Ad Widget

Collapse

Announcement

Collapse
No announcement yet.

noob question - heat vs. output impedance in ss amp

Collapse
X
 
  • Filter
  • Time
  • Show
Clear All
new posts

  • noob question - heat vs. output impedance in ss amp

    This has probably been covered somewhere but I didn't find an answer after doing a quick search.

    Should the heatsink in a SS amp feel hotter or cooler running a 4 ohm load vs. 8 ohm load? My SWR Workingman 4004 can be run at either impedance (specs say 400W @ 4 Ohm or 260W @ 8 Ohm). I haven't determined this for certain but it seems like mine gets hotter when running a 8 Ohm cab vs. a 4 Ohm cab. Also, and maybe this is a dumb question, but how hot to the touch should a heat sink get before you would expect it might indicate some problem?

    Thanks.

  • #2
    You really need to quantify your question.
    On a test bench at a prescribed output, into a prescribed load, the power that the transistors are dissipating should be what is going to the speakers.
    In other words, are you simply feeling the heat sink.
    A temperature reading would be nice.
    Are you running the amplifier at full power at 4 & also at 8 ohms?

    Comment


    • #3
      It should be hotter running into 4 ohms, because it works harder.
      Hands are very unreliable temperature testers, yesterday I killed my last batch of home made yoghourt because I *felt* it just right, while it was over 42ºC ; I needed 37ºC (human body) temperature.
      That said, if you can stand grabbing the heatsink , obviously with your bare hands, for a couple of minutes, it's fine.
      If you can't stand it, it's over 70ºC , start to worry.
      If a drop of saliva or other suitable liquid hisses .....
      Juan Manuel Fahey

      Comment


      • #4
        Things get tricky.

        The amp can make an output voltage which is limited by the power supply, and the losses of the parts that conduct the heavy currents. These include the power filter caps (voltage sags under heavy loading), the wires to the power transistors, the power transistors themselves, the wires and connectors to the speakers. For a fixed output voltage, a 4 ohm resistive load will pull twice the current that an 8 would. So you often see people quoting twice the output power into 4 ohms. In reality, it won't get to 2X. The 400W and 260W are reasonable.

        What the power transistors dissipate is different from the power output. The power transistors dissipate the sum of the instantaneous voltage across them and current through them.
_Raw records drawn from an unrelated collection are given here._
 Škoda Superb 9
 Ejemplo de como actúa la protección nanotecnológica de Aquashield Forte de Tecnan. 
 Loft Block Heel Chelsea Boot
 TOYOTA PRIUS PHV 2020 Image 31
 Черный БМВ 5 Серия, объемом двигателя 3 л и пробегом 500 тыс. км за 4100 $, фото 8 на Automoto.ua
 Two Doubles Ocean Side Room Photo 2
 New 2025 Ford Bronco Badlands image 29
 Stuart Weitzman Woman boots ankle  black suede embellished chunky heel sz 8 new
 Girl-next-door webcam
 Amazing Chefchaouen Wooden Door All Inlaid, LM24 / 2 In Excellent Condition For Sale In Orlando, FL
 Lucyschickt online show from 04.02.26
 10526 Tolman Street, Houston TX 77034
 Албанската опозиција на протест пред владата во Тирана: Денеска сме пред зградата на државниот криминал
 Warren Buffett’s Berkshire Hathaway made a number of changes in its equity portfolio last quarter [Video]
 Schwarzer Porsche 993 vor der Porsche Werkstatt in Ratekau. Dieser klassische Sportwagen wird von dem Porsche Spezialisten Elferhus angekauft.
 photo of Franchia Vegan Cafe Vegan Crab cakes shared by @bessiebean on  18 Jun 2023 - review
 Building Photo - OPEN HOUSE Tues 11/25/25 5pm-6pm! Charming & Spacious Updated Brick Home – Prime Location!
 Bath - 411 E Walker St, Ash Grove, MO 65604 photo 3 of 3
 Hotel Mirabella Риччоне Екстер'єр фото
For Class AB amps, the power transistor dissipation peaks at about 40% of max output *voltage*, because bigger voltages transition them through the high voltage/high current middle of the output signal faster; they spend less time with both big voltage and big current. That's for bench testing with sine waves. The absolute worst thing you can do to a class AB amp is feed it a square wave that puts the output voltage at half the peak it can put out. That forces the output devices to have half the max currents and half the max voltage across them *all the time*. Square waves at full output voltage are actually much lower dissipation, so the heat sinks will cool off as you turn square waves up from half-voltage.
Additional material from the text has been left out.